Pertemuan Nasional Lingkungan Hidup (PNLH) yang kedua diadakan di Bandung pada bulan Mei 1983. Tempat pertemuan adalah Sekolah Calon Perwira (SECAPA) TNI-AD di jalan Hegarmanah. PIlihan instalasi tentara itu merupakan pilihan praktis karena tak banyak tempat di Bandung yang dapat menampung peserta PNLH sebanyak 300-400 orang. Pilihan yang tersedia hanya asrama haji (yang kemudian menjadi preferensi PNLH selanjutnya), atau barak tentara. Asrama Secapa dianggap lebih memenuhi syarat keamanan dan kenyaman, serta mudah diakses dari Kota Bandung. Tempatnya memang nyaman untuk ukuran Ornop. Konturnya naik-turun, dan pemandangannya bagus.

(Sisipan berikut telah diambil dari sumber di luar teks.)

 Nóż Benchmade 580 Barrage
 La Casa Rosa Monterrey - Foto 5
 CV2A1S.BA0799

Tak urung, Anwar Fazal, sekretaris jenderal Lembaga Konsumen Internasional (IOCU), yang diundang sebagai pembicara tamu, agak terkejut. Dalam sambutannya ia mengatakan ini adalah pertemuan pertama di barak tentara yang pernah ia hadiri dalam karir panjangnya sebagai penggiat organisasi masyarakat sipil!

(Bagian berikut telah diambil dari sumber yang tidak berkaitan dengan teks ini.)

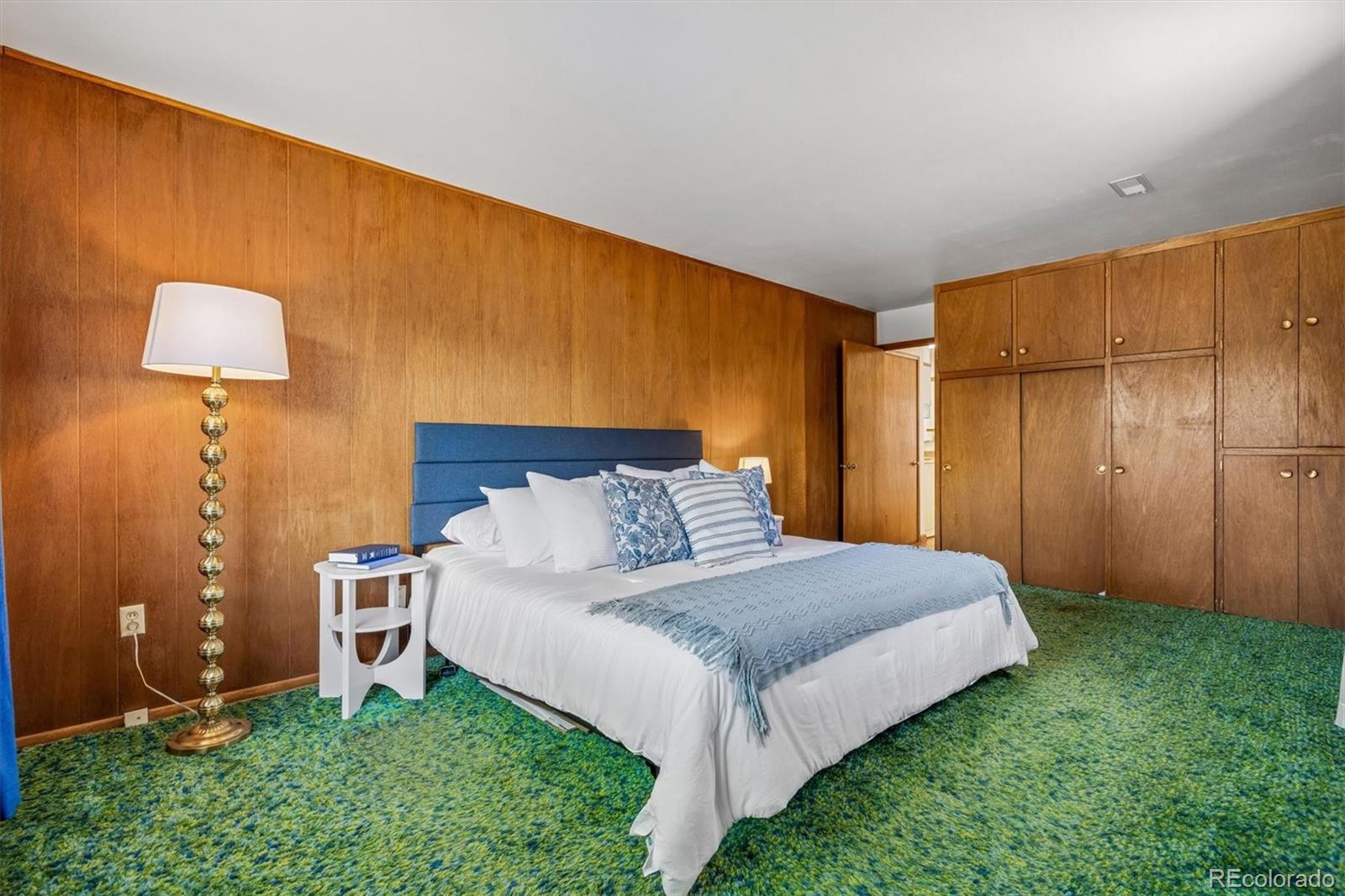 MLS Image #17 for 1578 s jasmine street,denver, Colorado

PNLH dihadiri oleh perwakilan Ornop dari berbagai daerah di seluruh Indonesia. Peserta terdiri dari perwakilan organisasi profesi, organisasi pencinta alam, dan Ornop pembangunan (ketika itu disebut Lembaga Pengembangan Swadaya Masyarakat/LPSM). Komposisi peserta, berdasarkan ingatan saya, yang paling banyak adalah Organisasi pencinta alam, kemudian diikuti oleh LPSM, dan terakhir organisasi profesi. Namun persiapan maupun agenda pertemuan didominasi oleh LPSM, terutama Ornop dari Jakarta dan Jawa.

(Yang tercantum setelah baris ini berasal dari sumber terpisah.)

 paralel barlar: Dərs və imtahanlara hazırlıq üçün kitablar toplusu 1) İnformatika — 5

Ada beberapa pembicara tamu yang diundang untuk bicara masalah Lingkungan Hidup global, maupun nasional. Yang saya ingat hanya Emil Salim dan Anwar Fazal. Mungkin ada pula yang diundang mewakili Pusat Studi Lingkungan Hidup di Universitas Padjadjaran dan Institut teknologi Bandung. Saya tak ingat lagi apakah Prof. Otto Sumarwoto dari Lembaga Ekologi Unpad, atau Prof. Hasan Purbo dari PSL ITB hadir dalam pertemuan itu. Namun tampaknya aneh bila ada pertemuan lingkungan hidup di Bandung tidak mengundang mereka berdua.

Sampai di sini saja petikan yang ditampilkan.